Na Inglaterra do século 18, Sarah Churchill, a Duquesa de Marlborough, exerce sua influência na corte como confidente, conselheira e amante secreta da Rainha Anna. Seu posto privilegiado, no entanto, é ameaçado pela chegada de Abigail, nova criada que logo se torna a queridinha da majestade e agarra com unhas e dentes essa oportunidade única.
É um deleite ver a atuação do trio principal da trama, e não é à toa que as três foram indicadas ao Oscar por este filme e também já ganharam a premiação anteriormente. Percebemos as camadas de uma mulher que conseguiu sua importância se impondo como a Lady Sarah e a ascensão de uma jovem que esbanja carisma e ambição ao posto de “braço direito” para sair de seus trabalhos sofridos e indesejáveis da Abigail. O interesse em se aproximar da rainha é como se fosse o próprio desejo por influência e segurança, já que no início do século 18 as coisas não eram muito floridas para quem não vinha de um bom berço. E em contraste, a rainha que lhes protegia era uma mulher insegura, mimada e pouco sábia. A sátira é ótima, mas o filme se distancia da história real da rainha Anna. Ela foi uma mulher de decisões importantes em sua época, inclusive a guerra que acontece durante o filme é a Guerra da Sucessão Espanhola em que a monarca teve um papel importante no tratado de paz. Mas, enfim, o filme deve ser encarado como uma sátira política e ficcional.
A questão da homossexualidade da monarca apresentada no filme constrói mais da personalidade carente e dúbio da personagem que ao mesmo tempo que protege, sente a necessidade de ser protegida e amada. Anne é uma pessoa frágil e de baixa auto-estima que sente necessidade de uma companhia mais forte ao seu lado, mas que ao mesmo tempo sente ciúmes dos poderes concedidos à sua favorita. Mas, de certa forma, optar por sexualizar tais relações transformou a trama em algo mais básico.

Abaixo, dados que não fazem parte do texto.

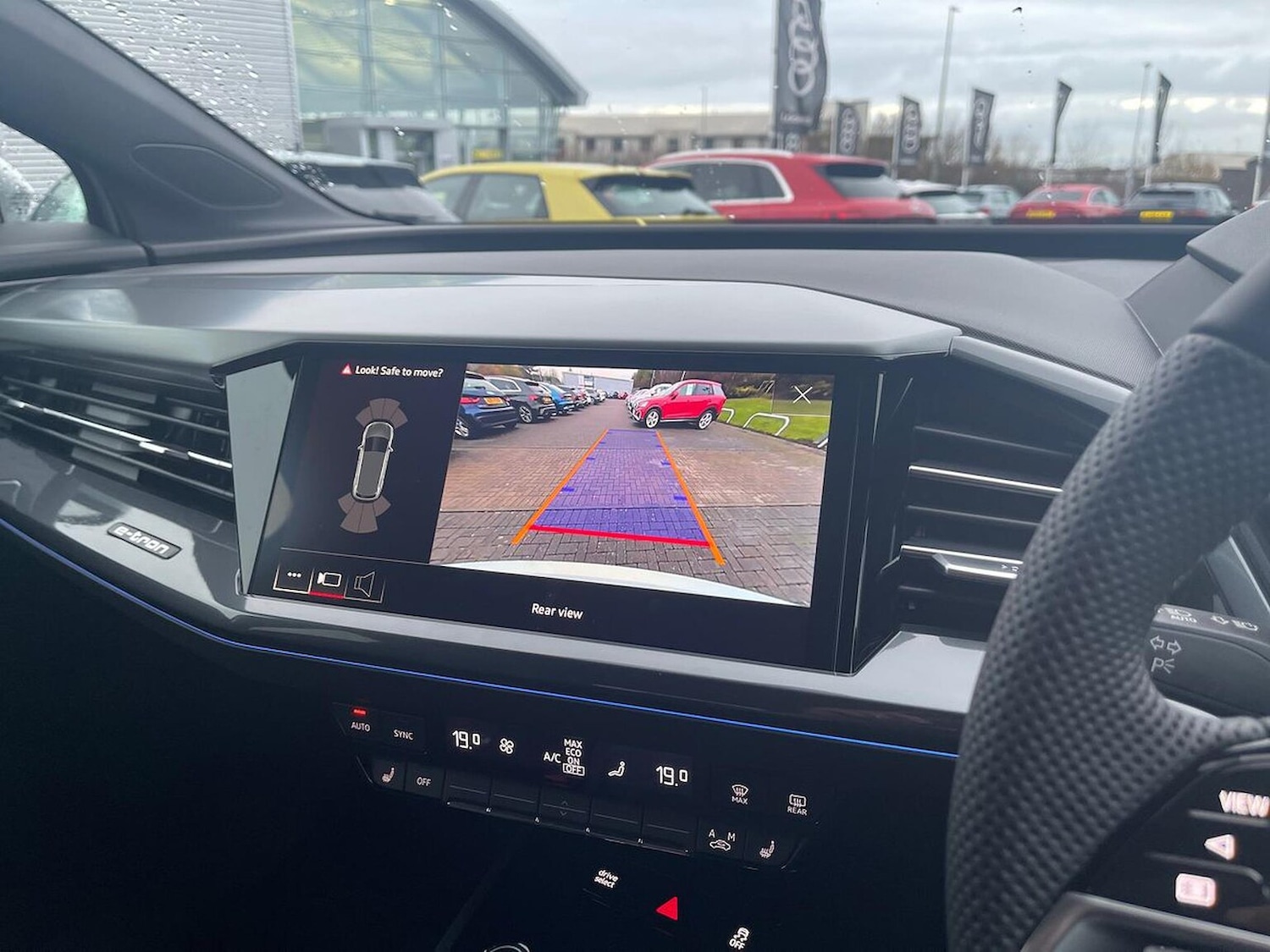 Used Audi Q4 e-tron 2025 for sale - 78192874: Photo 25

A disputa para se tornar A Favorita é bastante interessante e prende a atenção do espectador, ver a sequência de intrigas e manipulações que vão à níveis extremos é divertido e, ao mesmo tempo, trágico pois quando se trata de poder, como é de se esperar, as coisas ficam realmente feias. A mudança do ar jovial de Abigail para uma mulher obcecada por poder é realmente bem vivido por Emma Stone e as camadas da personalidade forte de Sarah, uma mulher que não chora ou lamenta por suas atribulações tem um ótimo trabalho Rachels Weisz para transmitir um contexto da personagem que não é mostrado no filme. E no tocante à rainha, que já perdera inúmeros filhos natimortos e o seu marido, ser rodeada por pessoas que estão ali apenas por interesse se torna algo bastante depressivo ao longo do filme. Anna rouba a cena, mostrando-se uma personagem inconstante e difícil de desvendar.
Com todas essas nuances A Favorita passeia por diversos gêneros estabelecendo um bom ritmo, personagens carismáticos (ao seu modo) e uma excelente ambientação trazendo uma sátira de alto nível envolvendo a monarquia britânica e seu reinado. Não é a toa que foi indicado à 10 Óscares (tendo faturado apenas o de Melhor Atriz com Olivia Colman). Um excelente trabalho de direção de Lanthimos que conseguiu construir três ótimas personagens em um relacionamento deveras complicado.